Any pictures should be dropped; everything else in the records is to be returned exactly.

▽

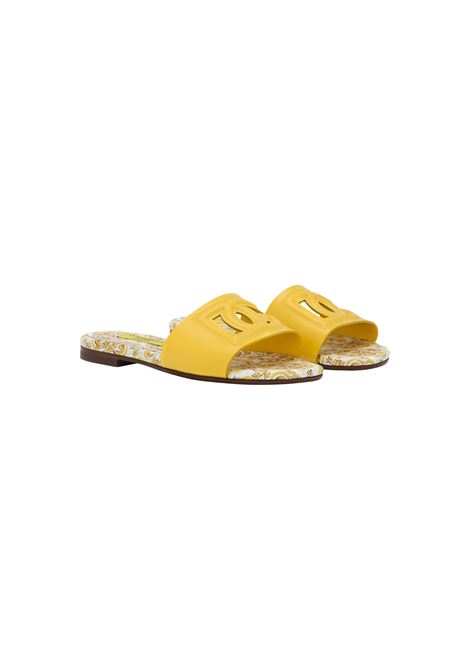 DOLCE & GABBANA KIDS Slide In Pelle Gialla Con Logo DG e Stampa Maiolica - DOLCE & GABBANA KIDS Sconto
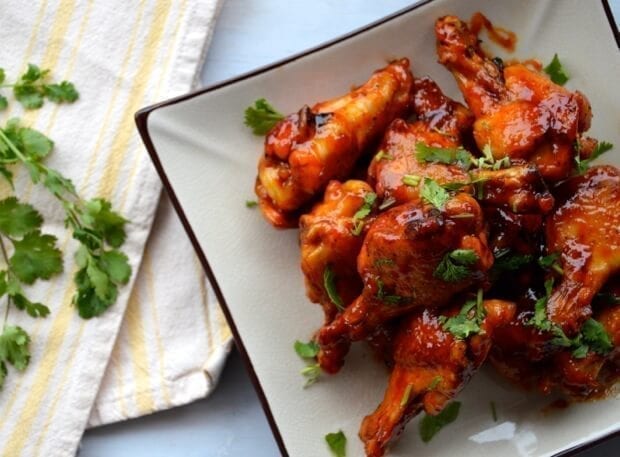 Honey Sriracha Chicken Wings - Baked, Not Fried by thewoksoflife.com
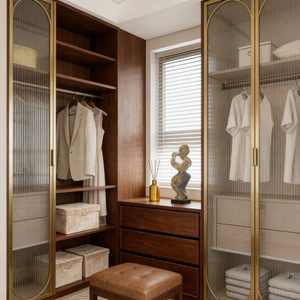 BALOM Armoire ouverte moderne de luxe avec porte en verre, cadre en métal <span class=keywords><strong>noir</strong></span>, armoire en bois beige, design de <span class=keywords><strong>dressing</strong></span> <span class=keywords><strong>ouvert</strong></span> - Product Image 5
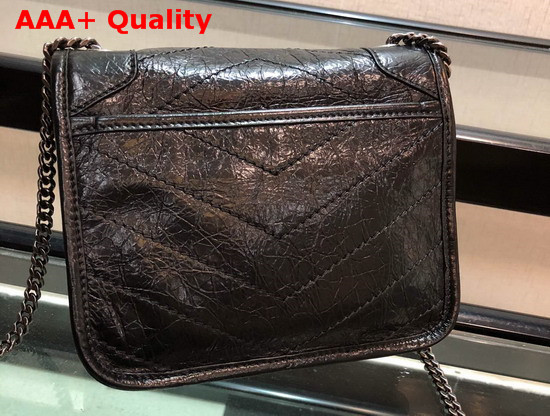 Saint Laurent Niki Chain Wallet in Black Crinkled Vintage Leather Replica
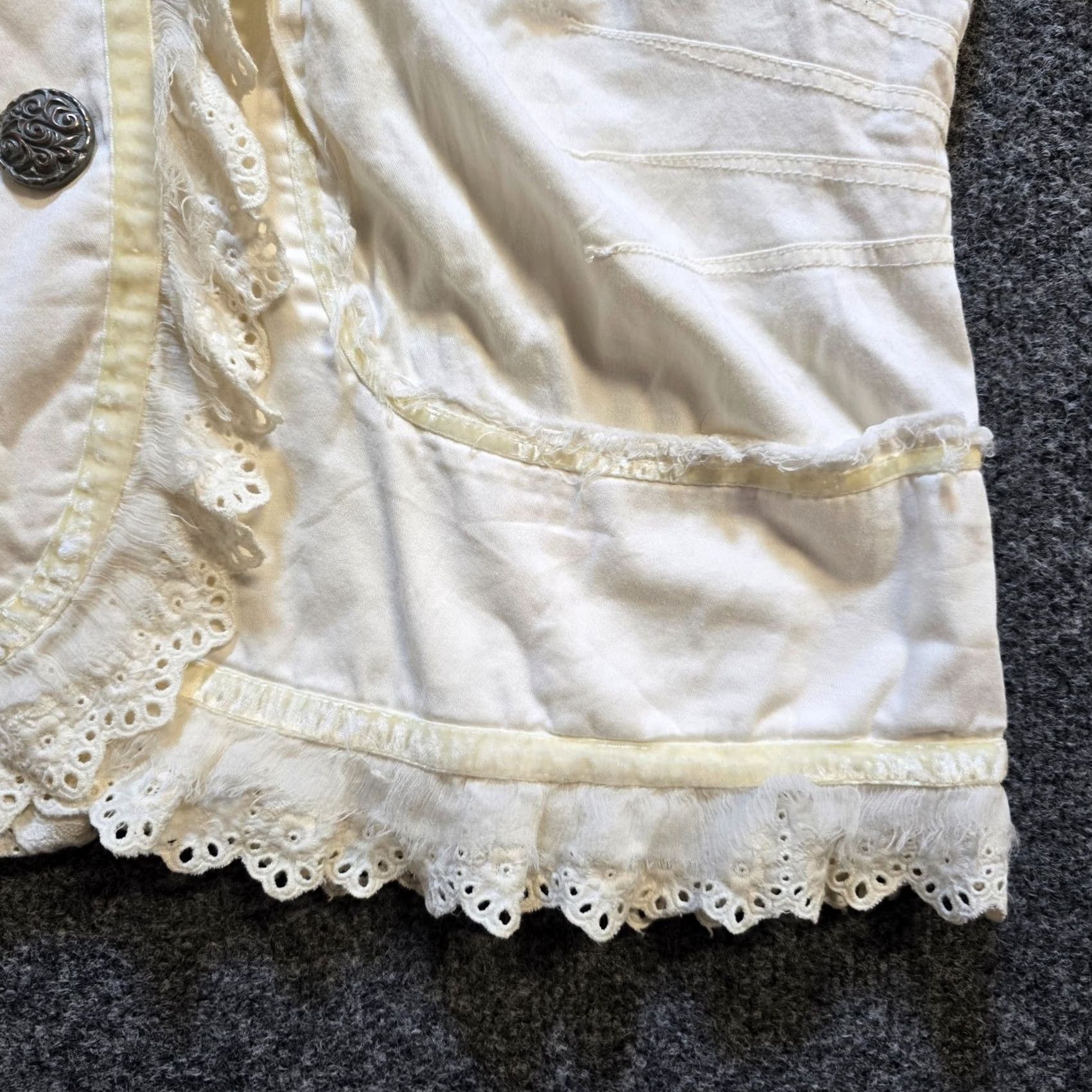 Vintage Love Polly Jacket Womens XL White Ruffled Cottage Core Embroidered Whimsy Casual Size XL / US 12-14 / IT 48-50 - 5 Thumbnail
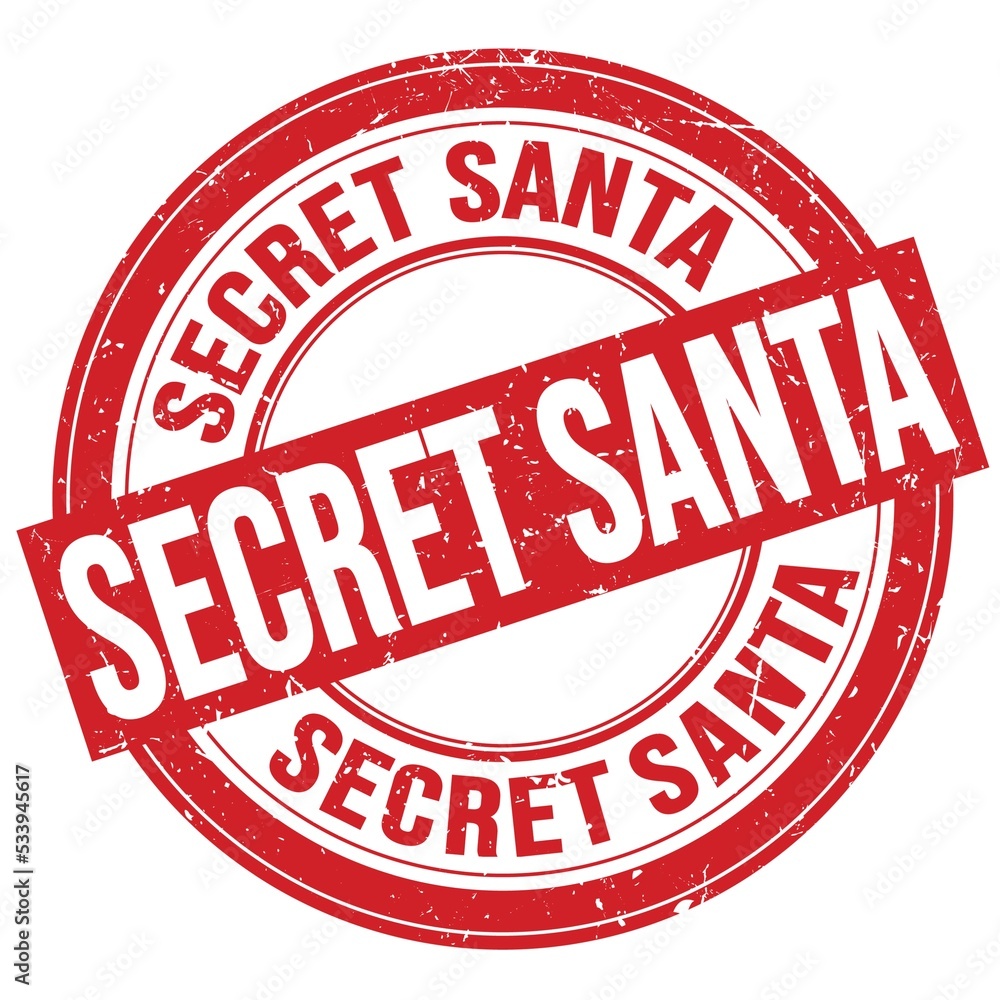SECRET SANTA text written on red round stamp sign SECRET SANTA text written on red round stamp sign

△

EXERCISE SOLUTION →
 DOLCE & GABBANA KIDS Slide In Pelle Gialla Con Logo DG e Stampa Maiolica - DOLCE & GABBANA KIDS Sconto
 Honey Sriracha Chicken Wings - Baked, Not Fried by thewoksoflife.com
 BALOM Armoire ouverte moderne de luxe avec porte en verre, cadre en métal <span class=keywords><strong>noir</strong></span>, armoire en bois beige, design de <span class=keywords><strong>dressing</strong></span> <span class=keywords><strong>ouvert</strong></span> - Product Image 5
 Saint Laurent Niki Chain Wallet in Black Crinkled Vintage Leather Replica
 Vintage Love Polly Jacket Womens XL White Ruffled Cottage Core Embroidered Whimsy Casual Size XL / US 12-14 / IT 48-50 - 5 Thumbnail
SECRET SANTA text written on red round stamp sign SECRET SANTA text written on red round stamp sign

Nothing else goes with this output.